* [Exercise objective]
Exact copy, no pictures: reproduce the lines from the one that holds "3D ужасные украшения" through the end of the entries.

----- Data for processing -----

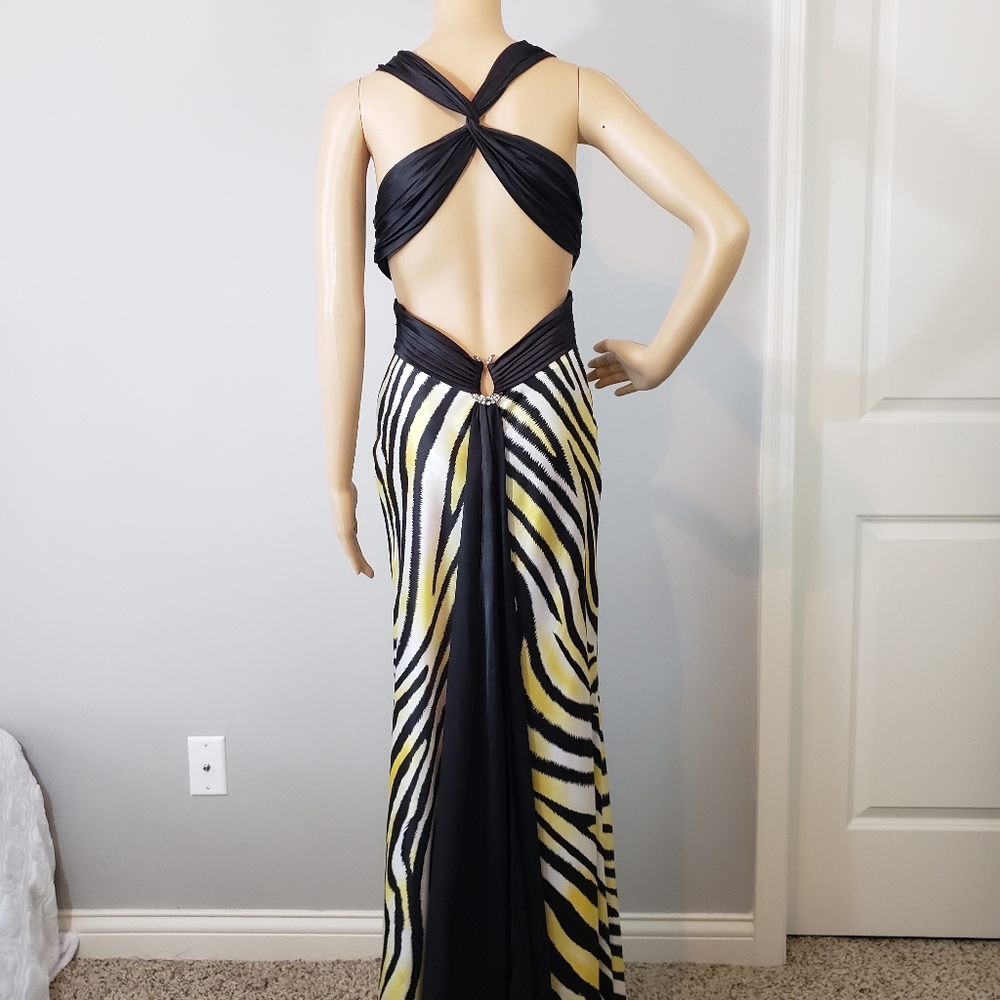 Cache Print Halter Prom Dress - Picture 2 of 8
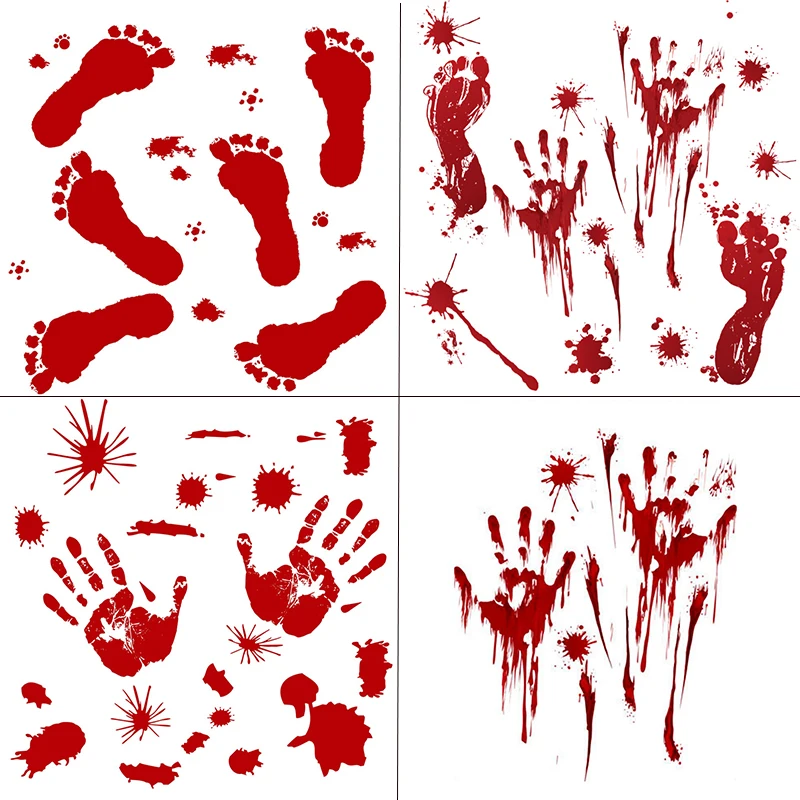 3D ужасные украшения для Хэллоуина кровяные настенные наклейки отпечаток пальца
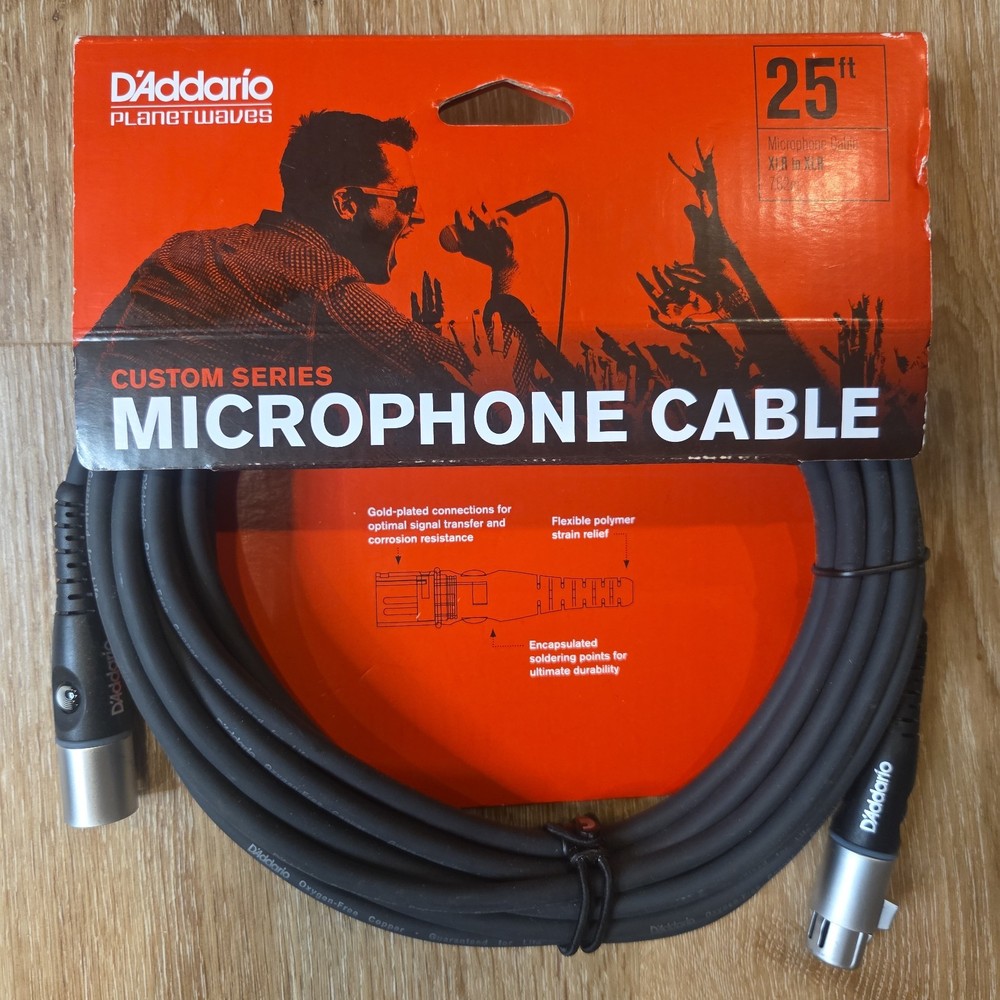 Planet Waves Custom Series XLR Microphone Cable, 25′ PW-M-25 By D’Addario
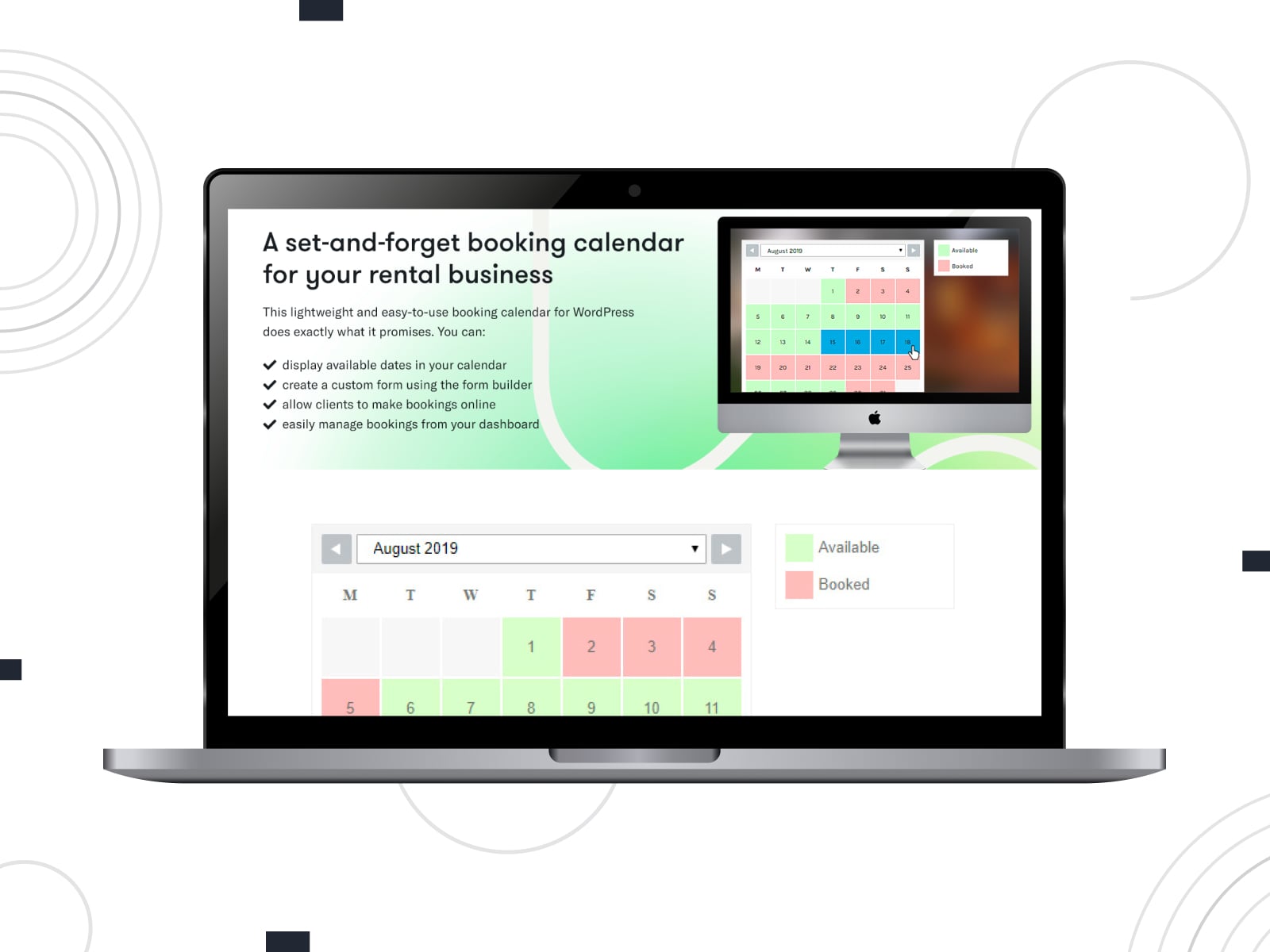 Colaj al sistemului WP Booking pe ecranul desktop.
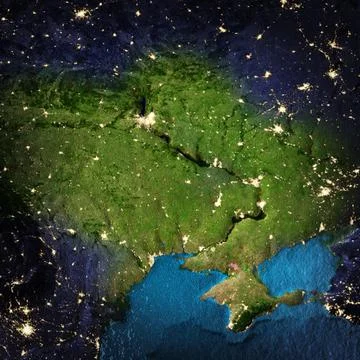 Ukraine and Crimea 3d rendering Stock Illustration
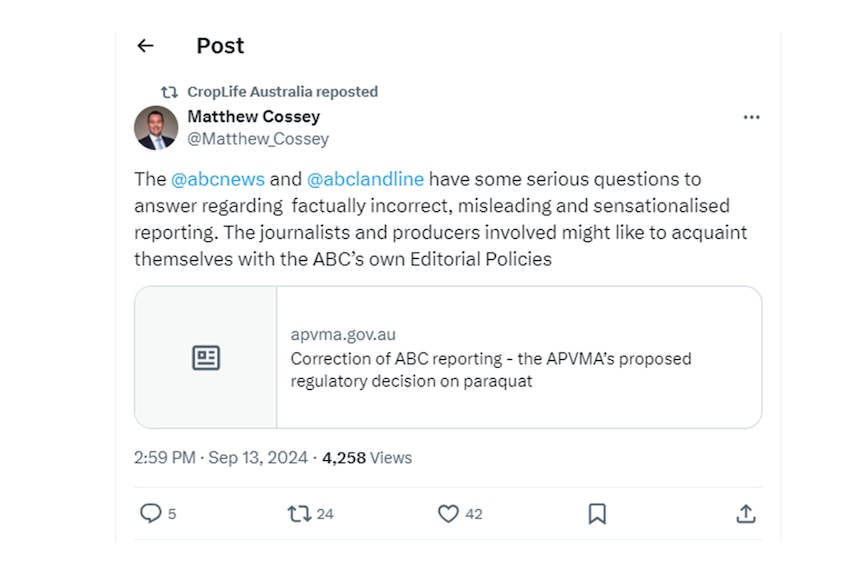 A screenshot of a Tweet by Matthew Cossey claiming the ABC has been factually incorrect.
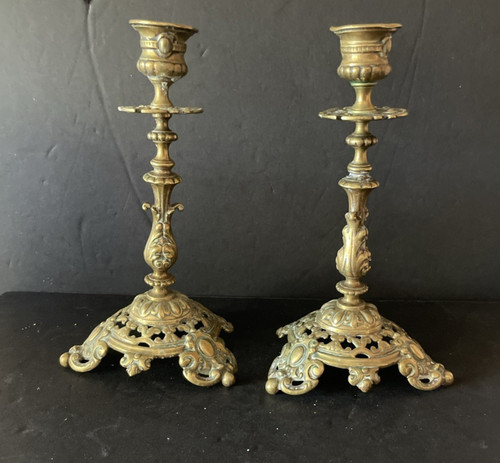 Vintage brass french pair - brass,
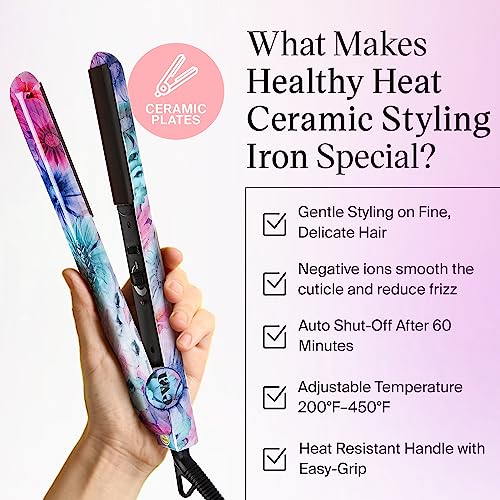 Eva NYC Healthy Heat Ceramic Styling Hair Iron, Flat Iron Hair Straightener with Far-Infrared, Hair Iron Straightener with Adjustable Heat, Straightening & Curling Tool, 1.25 Inches, Floral Frenzy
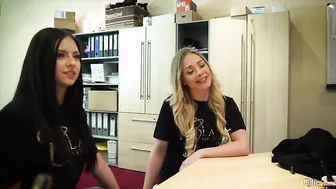 Brunette blonde and old man with big dick in hardcore threesome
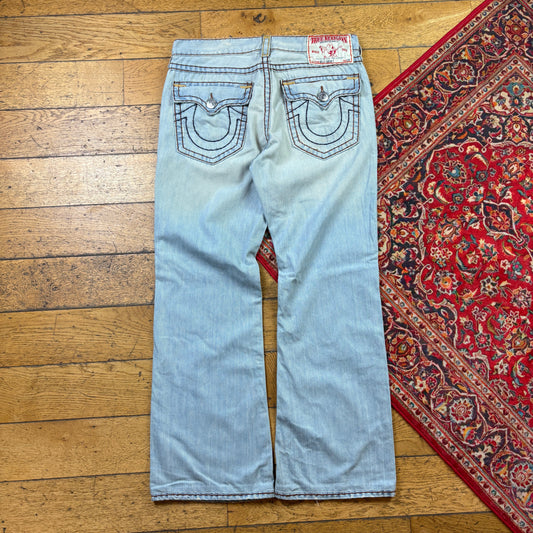 Vintage True Religion Blue Bootcut Embroidered Y2K Hip Hop Baggy Jeans - 36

-----

* [The completed task]
 3D ужасные украшения для Хэллоуина кровяные настенные наклейки отпечаток пальца
 Planet Waves Custom Series XLR Microphone Cable, 25′ PW-M-25 By D’Addario
 Colaj al sistemului WP Booking pe ecranul desktop.
 Ukraine and Crimea 3d rendering Stock Illustration
 A screenshot of a Tweet by Matthew Cossey claiming the ABC has been factually incorrect.
 Vintage brass french pair - brass,
 Eva NYC Healthy Heat Ceramic Styling Hair Iron, Flat Iron Hair Straightener with Far-Infrared, Hair Iron Straightener with Adjustable Heat, Straightening & Curling Tool, 1.25 Inches, Floral Frenzy
 Brunette blonde and old man with big dick in hardcore threesome
 Vintage True Religion Blue Bootcut Embroidered Y2K Hip Hop Baggy Jeans - 36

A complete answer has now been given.